No sé decir con exactitud cuándo fue. Quizá la primera vez que me dí cuenta de que su pelo castaño lanzaba destellos cobrizos cuando le daba el sol. O cuando descubrí que sus ojos, ocultos siempre bajo su flequillo enmarañado, eran en realidad tan oscuros como la leña mojada. O quizá cuando me percaté de que arrastraba las eses al hablar. No lo sé. Pero la amistad y el cariño que sentía por él evolucionó algo mucho más profundo y sagrado, y me enamoré perdidamente de él.
No sé de dónde saqué el valor para confesárselo aquella tarde junto al mar. Tumbados en la arena, hablando de cómo era posible ver un cielo tan azul, mientras las olas golpeaban con dulzura las rocas. Fue un impulso, supongo. O quizá la suavidad del mar inundó mi alma y me dio su energía. Me giré y lo besé. Él sentía lo mismo, y allí comenzamos nuestro noviazgo. En ese momento, tuve la sensación de que mi vida se había vuelto absolutamente perfecta: tenía 15 años, un dominio casi pleno de mis visiones, y estaba enamorada.
Hermano y yo nos casamos a principios del verano. La boda se celebró en mi lugar especial. Él se había peinado el cabello hasta dejarlo completamente liso y suave, y sus reflejos cobrizos eran más evidentes que nunca al sol del mediodía. Yo me había enganchado margaritas blancas entre mis rizos, y mi madre había cosido pétalos de rosa roja al vestido. Además ese día mi madre me regaló su medallón. Ese medallón redondo con las cinco piedras engarzadas que el había visto desde niña. Había pertenecido a mi madre, a mi abuela, a mi bisabuela, a mi tatarabuela, y a todas las mujeres de mi familia desde que se recuerda.
-Y así se cierra el círculo-dijo mi padre cuando mi madre me lo ató al cuello.
En ese momento no pude evitar llorar de alegría.
No podía ser más feliz. Todo era absolutamente maravilloso y perfecto. Tenía todo lo que siempre había deseado: una casa cercana a la de mis padres, una enorme cama con dosel y sábanas blancas; y un marido encantador con quien compartir todo eso, a quien amaba con locura y que me quería por encima de todo. Para terminar de colmar mi felicidad, el verano siguiente nació nuestro primogénito, Mangan, un precioso y adorable niño rosado con mi rizo caído prendido en su cabecita y los ojos oscuros y profundos de su padre.

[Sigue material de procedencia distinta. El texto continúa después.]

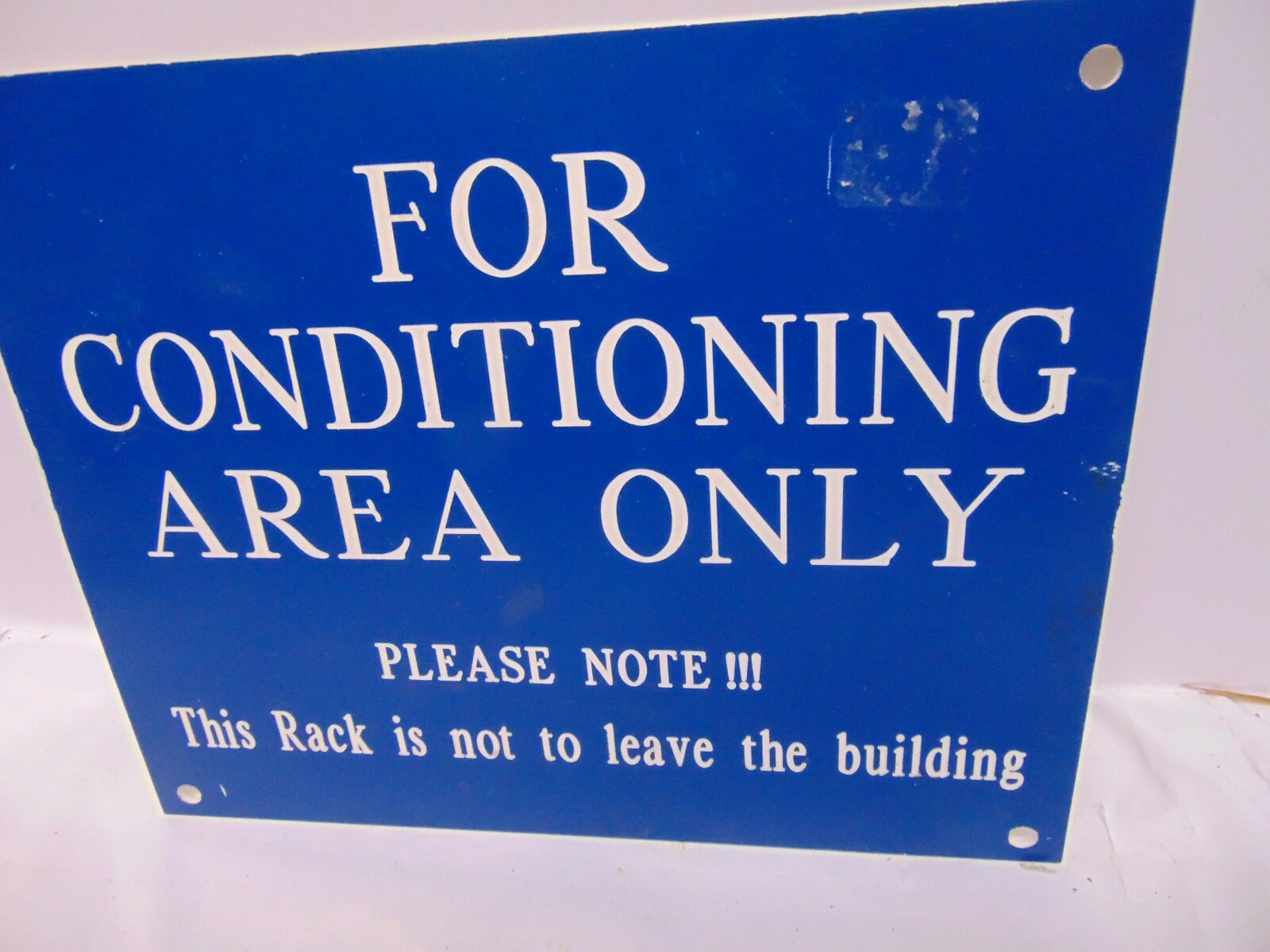 Vintage “Air Conditioning Area Only” blue sign 10″ x 8″ USA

¡Oh, aquellos tiempos felices! Quién pudiera volver atrás, cuando todo era sumamente sencillo…Antes de que el peso de las grandes visiones me abrumara, antes de que tuviera una corona que ceñir en mi cabeza, antes de que la sombra de la muerte nos rodeara a todos… Cuando todo era fácil, cuando sólo éramos Hermano, Mangan y yo, cuando todavía vivíamos en la aldea.
Pero es ley de vida que los tiempos felices no duren eternamente, y eso era algo de lo que yo tenía total certeza. Al fin y al cabo, lo había visto.

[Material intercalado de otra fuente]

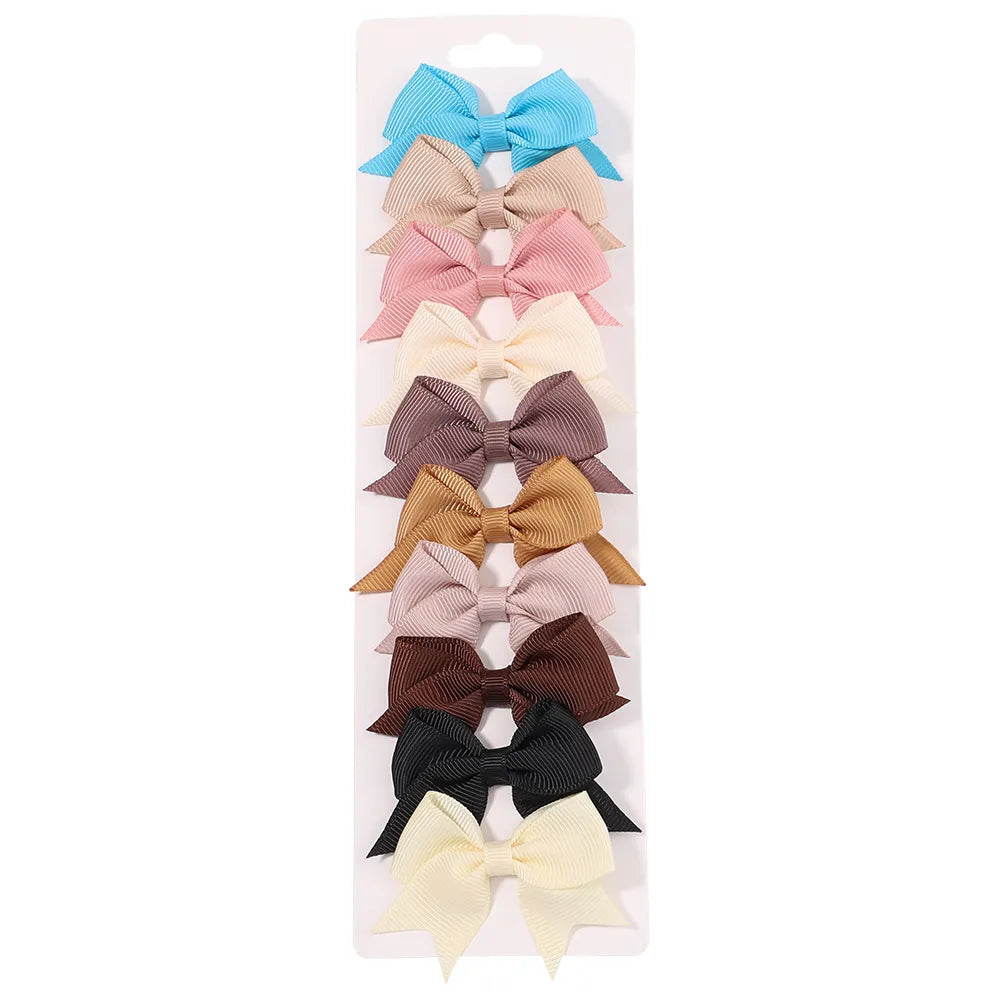 Cute Solid Ribbon Bowknot 10Pcs/Set Hair Clips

Transcurridos tres años desde mi visión, con los primeros deshielos, la muerte nos llegó a todos desde el mar. Y a pesar de mi visión, y de todas las medidas de prevención que habíamos tomado mi madre y yo, nada nos podía haber preparado para el mal que se avecinaba.



-¡Yeny dónde te has metido! ¡Que la comida lleva en la mesa media hora y Calen se está impacientando!
El grito de Eiris me sacó de la lectura en que me hallaba totalmente enfrascada.